Por Isadora Peron, Carla Araújo e Andrea Jubé | Valor

BRASÍLIA  –  O Gabinete Institucional de Segurança da Presidência da República (GSI) descartou agora à noite a suspeita de que houvesse uma bomba próxima à entrada principal do Palácio do Planalto. Segundo a assessoria do órgão, por volta das 19h20, a segurança da Presidência foi informada de que uma mala isolada estava aparentemente abandonada em um ponto de ônibus em frente ao Planalto. O episódio não é inédito: em 2015, durante o governo Dilma Rousseff, o GSI também enfrentou uma suspeita de bomba, na rampa do Planalto.

Conforme determina o protocolo de segurança presidencial, diante de objetos que possam ser considerados como ameaça, há a necessidade de equipamentos especiais e homens treinados para averiguar a situação. A operação de segurança alterou o trânsito no local, com desvios e isolamento.

Depois que os seguranças verificaram que não se tratava de nenhum artefato explosivo, a mala foi encaminhada para a 5ª DP. As autoridades suspeitam que se trata apenas de uma mala esquecida. O dono do objeto ainda não foi localizado. O GSI não soube informar se há documentos de identificação na maleta.
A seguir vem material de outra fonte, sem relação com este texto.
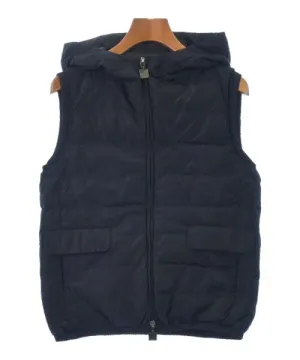 Vestes et doudounes S Max Mara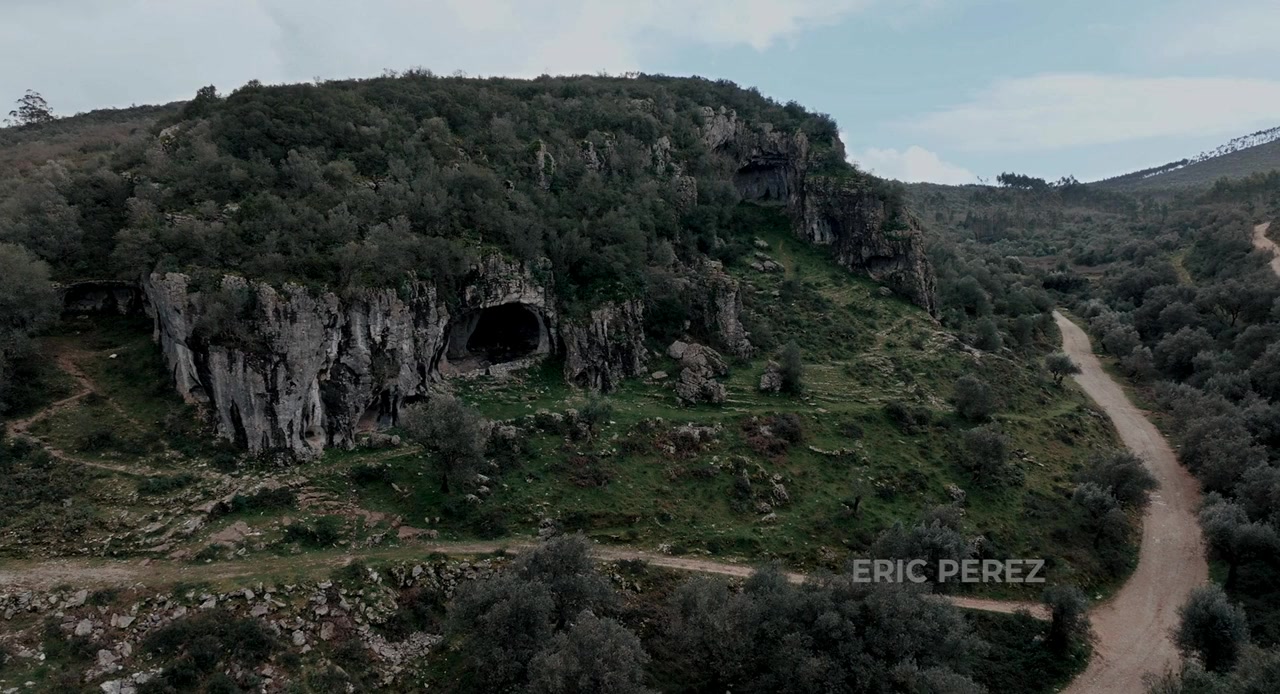 Hydra screenshot 3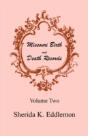 Missouri Birth And Death Records, Volume - Preview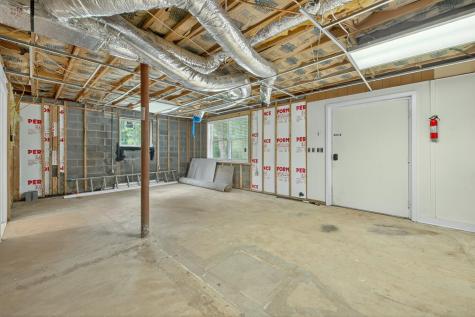 133 Yellowbird Trail Blue Ridge GA 30513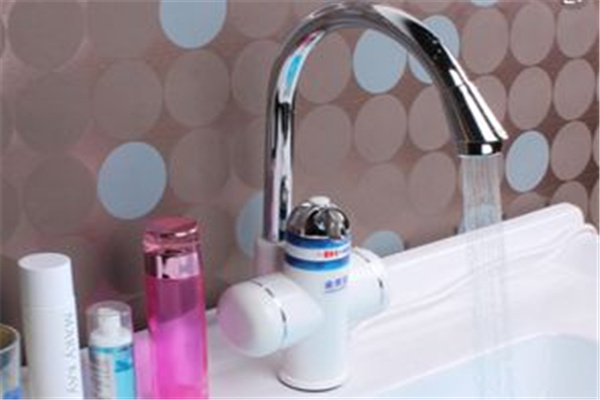 慈力源油切洗潔寶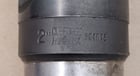 Cle-Forge 904612 HS Twist Drill 2in - 5MT Shank - Image 6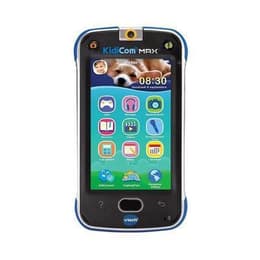 Vtech Kidicom Max Touch-Tablet für Kinder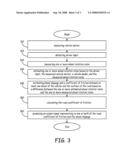 METHODS AND SYSTEMS FOR FRICTION DETECTION AND SLIPPAGE CONTROL diagram and image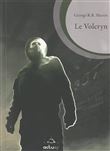 Le Volcryn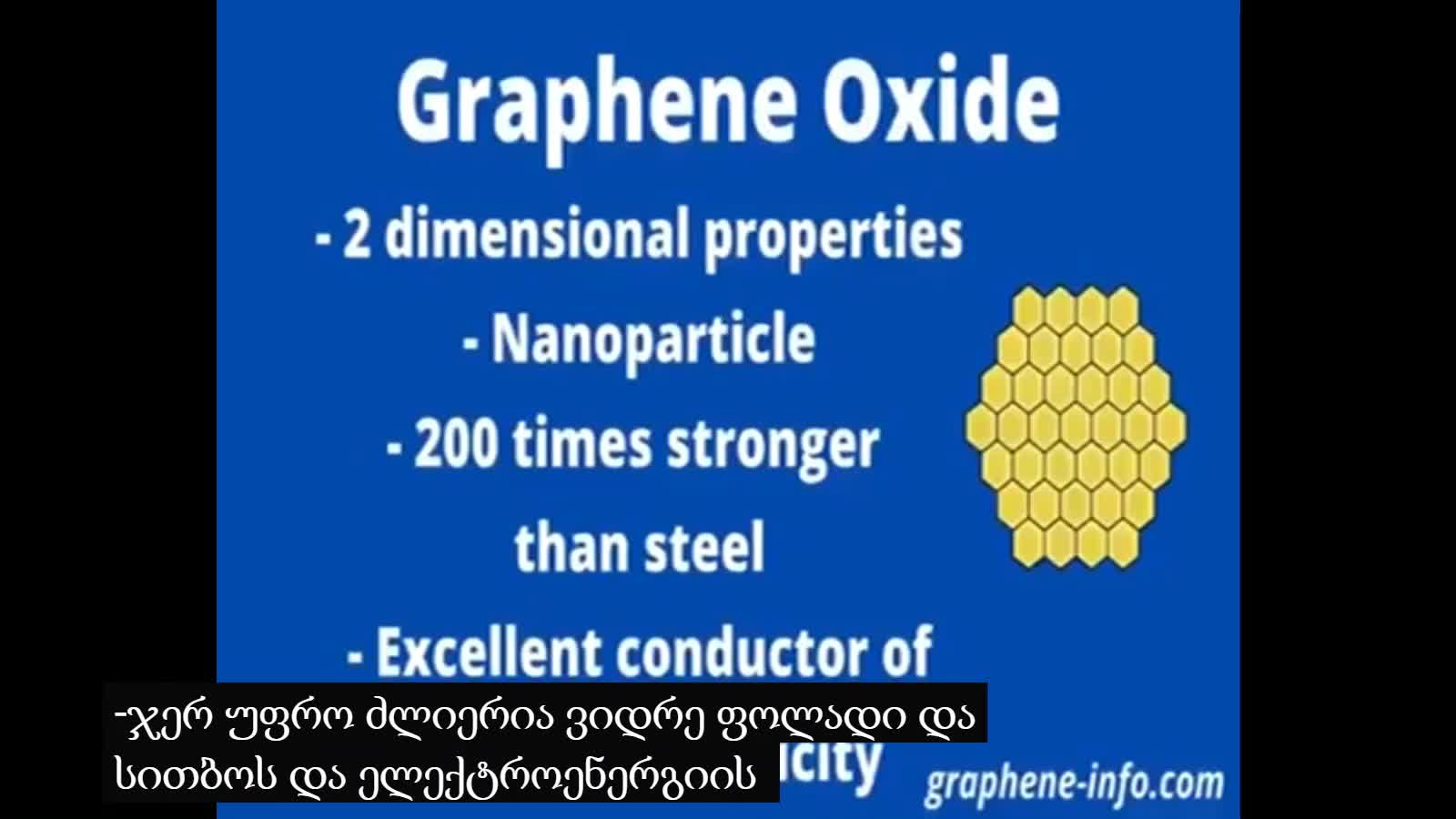 რას შეიცავს სინამდვილეში covid-19 ვაქცინა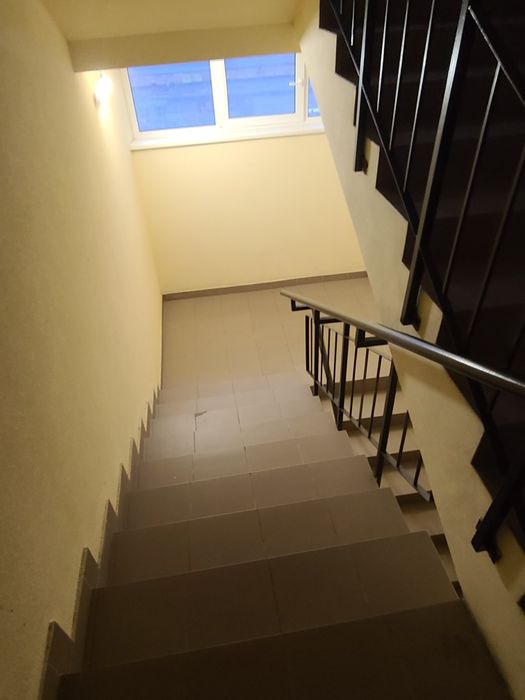 1-комнатная квартира по адресу ул. Бульв. Вацлава Гавела (площадь 18 м²) - Atlanta.ua - фото 11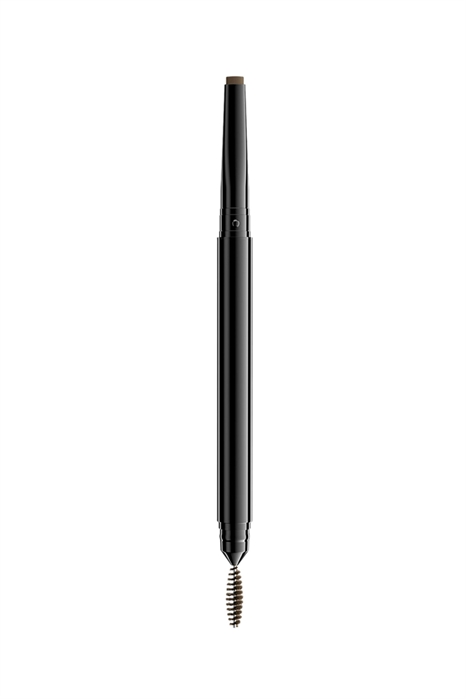 Карандаш для бровей Precision Brow Pencil 0696752004 - Фото 13811909
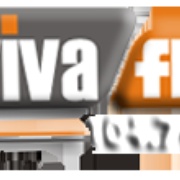 Viva FM Logo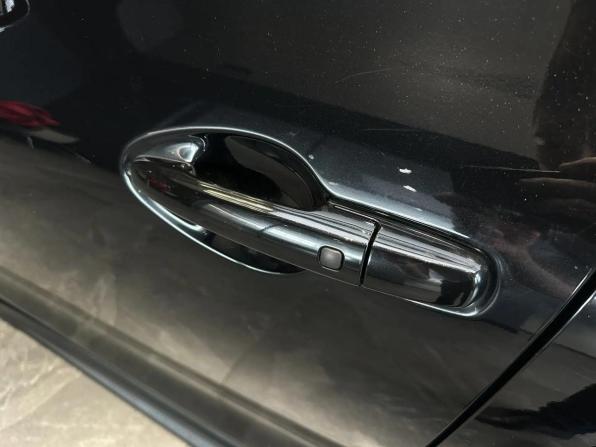Suzuki Swift V с пробегом 2019 года, цена 1 450 000 рублей, 35165 км, хэтчбек, Автокод Объявления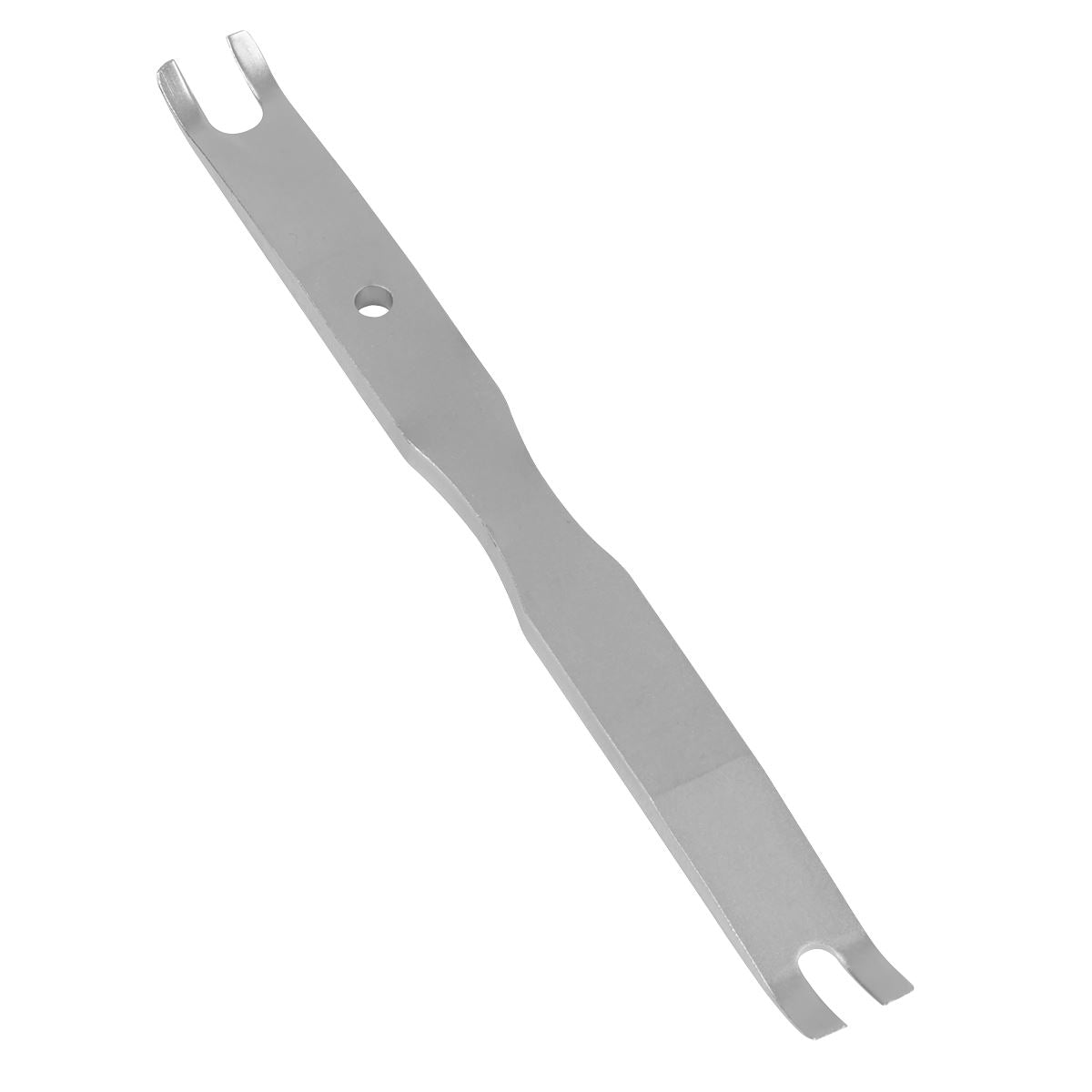 Sealey Small Large Trim Clip Tool Carbon Steel MULTIPLE APPLICATIONS RT04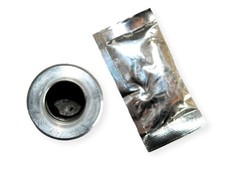 For brake caliper piston - caliper,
O episódio no Palácio do Planalto acontece dois dias depois de um protesto no Supremo Tribunal Federal (STF) em que manifestantes jogaram tinta vermelha no prédio. Segundo apurou o Valor, a presidente Cármen Lúcia, que está exercendo a Presidência da República e despachando do gabinete do presidente Michel Temer, pediu rápida apuração e punição dos responsáveis pelo ato.

Cármen despachou hoje no Palácio do Planalto, mas saiu da sede do Executivo às 19h, um pouco antes do início da confusão com a suposta bomba.

Há três anos, em junho de 2015, em meio ao clima de pré-impeachment, o esquadrão de bombas da Polícia Militar do Distrito Federal foi acionado para averiguar o conteúdo de três volumes abandonados em frente à rampa do palácio. Na ocasião, a ação foi mais demorada e durou cerca de quatro horas. Ao final, o GSI emitiu nota esclarecendo que não foram encontrados objetos que causassem risco de natureza pessoal ou material.